Christians and Abortion

Abortion is the interruption of the normal process of pregnancy, by the death of the foetus before the twenty-eighth week. This can happen spontaneously; in everyday language a spontaneous abortion is usually called a miscarriage. Abortion here is used to mean deliberate termination of a pregnancy.


Abortion is now legal in many countries. There are many highly dangerous methods of inducing an abortion, but the procedures used in legal abortions are as surgically safe for the mother as possible. Legal methods are divided into medical methods and surgical methods.

Medical methods introduce a substance into the body to induce labour and thus end a pregnancy early. The most common substances used are prostaglandins, which can be introduced into the amniotic fluid or as a suppository in the vagina. Prostaglandins can lead to the delivery of a live foetus. Saline is another common abortifacient; some of the amniotic fluid is removed and replaced with saline. The salt water kills the foetus, but can cause some problems to the mother. Urea is a third substance which can be used as a medical method, but it is more effective when used in combination with prostaglandins.

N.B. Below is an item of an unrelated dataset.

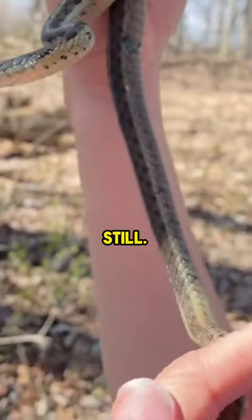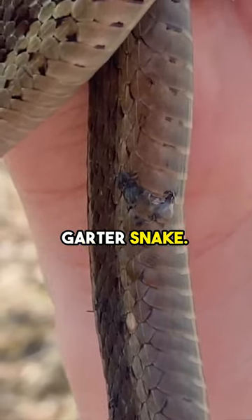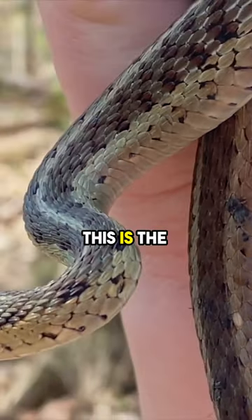Look at that bite right there, old still. There's lots of different species of garter snake. This is the eastern garter snake.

Surgical methods include vacuum curettage, D and c (dilatation and curettage), D and E (dilatation and evacuation), hysterotomy, and hysterectomy. Vacuum curettage is done under a local anaesthetic. A vacuum curette (a long hollow medical instrument) is introduced into the uterus to suck out its contents, then a sharp curette removes any remaining material. This needs only a small dilatation of the cervix, and can be done up to thirteen weeks into pregnancy. A D and c abortion is an adaptation of a technique used to treat various gynaecological conditions. The contents of the uterus are scraped out with a sharp metal curette. This requires a larger dilatation than a vacuum curette, and may increase the pain and blood loss.

D and E is a combination of the first two methods, and is used especially in the 13-16 week period, although it can be done up to twenty weeks into pregnancy. The cervix needs to be dilated more than for a vacuum curettage, and because the foetus is bigger the surgeon may need a crushing instrument for the skull and a larger-bore vacuum curette. This procedure can be done with a local or a general anaesthetic.

A hysterotomy is a small caesarian section; it requires a general anaesthetic, and because it is abdominal surgery there is an increased convalescence time. This technique is rarely used. Hysterectomy is the surgical removal of the uterus; this would only be used for an abortion if there were also a vital medical condition (such as advanced cancer) which required immediate removal of the uterus as well as the foetus.


Medical complications of abortion are kept to a minimum if: the pregnancy is in the early stages; the woman is healthy; the abortionist is skilled; local anaesthesia rather than general is used; the reproductive system is normal; and complete follow-up is provided by the clinic and used by the woman. Also, the material removed from the uterus should be examined to make sure that the pregnancy is not ectopic or molar. The death rates for legal abortion vary by method, but average:

  • 1 in 400,000 before 9 weeks.
  • 1 in 100,000 from 9 to 12 weeks.
  • 1 in 25,000 from 13 to 16 weeks.
  • 1 in 10,000 after 16 weeks.

Other medical complications are mainly caused by infection, incomplete removal of the foetus and placenta, blood clots, continuing pregnancy, cervical or uterine trauma (shock), and bleeding.

Warning signs of infection include cramping, fever, pain, discharge, and pelvic discomfort. The infection may affect the endometrium, the fallopian tube(s) or the abdominal cavity, and may lead to infertility. Incomplete abortion and blood clots lead to severe cramping pains, but can be remedied by vacuum aspiration or D and c. 0.1-0.3% of women are still pregnant after the abortion. This may be because the foetus was missed, or because the pregnancy was ectopic, or because the woman was expecting twins and only one was aborted.

A woman is advised after an abortion not to use tampons, not to have sex or douche for a week, and to take her temperature twice a day for the first week to check for fever. If her temperature reaches 100°F or more, or if she experiences severe pain, a rash, or has very heavy bleeding for two days, or any bleeding for two weeks, she must see a doctor urgently. If she has no period for eight weeks, or if other symptoms of pregnancy persist, she may still be pregnant. In any case women are advised to go for a follow-up medical check two weeks after an abortion.

Research into long-term effects of abortion is inconclusive, but some conditions are known to be associated with abortion in some cases. These include subsequent infertil ity, and miscarriage, premature delivery or low birth weight of subsequent babies. There are also potential psychological and emotional effects, particularly (but by no means exclusively) for the Christian, including guilt, shame, remorse, and psychological disturbance.